Columnists like Ofer Shelach from Yediot Achronot suggested that Netanyahu is actually pulling back from the brink.
“Netanyahu realizes that he’s gone too far,” Shelach wrote. “The rhetoric that linked the possibility of an attack to the U.S. election date, on the grounds that if Obama were elected this would tie Israel’s hands, lacked intrinsic logic and also crossed a line in meddling in the U.S. election campaign.”
Though most believe that an Israeli attack on Iran during the election would hurt Obama, Republican political adviser Karl Rove said last week that if Iran and its allies retaliate against U.S. interests in the region, the president could benefit from the “rally around the flag” sentiment stirred by coming under attack.
Moreover, it would shift attention away from the economy and to foreign policy — an issue on which American’s give Obama an advantage over Mitt Romney, the GOP presidential candidate.
“[An Israeli strike] will definitely change many calculations and make foreign policy an issue on the American voters’ minds,” said Shmuel Rosner, an Israeli columnist and editor. “If they are only thinking about the economy, an attack on Iran and an eruption of war in the Middle East will make them more aware of foreign policy.”
Rosner believes that Netanyahu will be less concerned about further injuring his already strained relationship with President Obama if it means forgoing a window of opportunity for an Israeli strike.
“The bottom line for Israel is clear. Israel has a clear incentive for prevention. And all other things, including the cozy relations with America, are secondary,” he said.
Netanyahu has few levers other than the threat of an Israeli attack with which to push the international community regarding Iran. After months of war talk, that tool might be wearing itself out.
The prime minister’s push for a clarification of the U.S. red lines reflects a debate within Israel about whether or not to rely on Obama’s assurance that he will not accept a nuclear Iran.
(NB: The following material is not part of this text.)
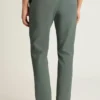 Entdecken Sie mühelosen Stil mit den Bonobos Stretch Herren-Chinos 2.0 Entdecken Sie mühelosen Stil mit den Bonobos Stretch Herren-Chinos 2.0
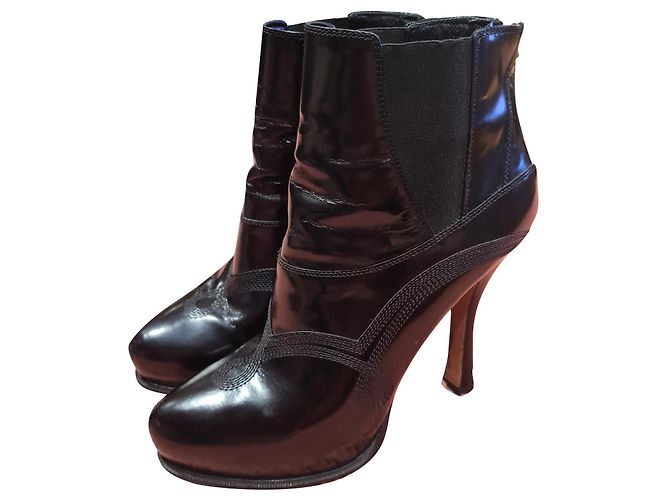 Prada T ankle boots. 39 Black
Many ex-security chiefs and current security officers have come out against a strike at the current time. Their remarks that have made it more difficult for Netanyahu to make the threat of an Israeli attack credible.
“In Israel you have an intense debate over this question of an Israeli strike — those who oppose it do so on the premise that the U.S. will handle it,” said the Washington Insitute’s Makovsky. “Netanyahu and Barak argue that the chance of an American strike is less of a chance than an Israeli strike. The issue therefore is not about U.S. capabilities, but about U.S. intentions.”
One American Jewish official based in Jerusalem said that Netanyahu is looking for a way to defuse tensions. When Romney visited Jerusalem in July, press coverage that portrayed Netanyahu as openly helping Obama’s rival disturbed the prime minister.
For all the Israeli saber-rattling in recent months, the focus abroad has shifted to whether Israel will start a war rather than whether Iran is flouting the international community by pursuing nuclear weapons. But if Israeli intelligence indicates that Iran has started building a weapon, all bets are off on de-escalating tensions.
“The bottom line is that as soon as Israel is convinced that the red line is crossed, all the things about image will be in the background,” said the official. “It’s not a question of whether they will do it or not; it will be a question of when and how.”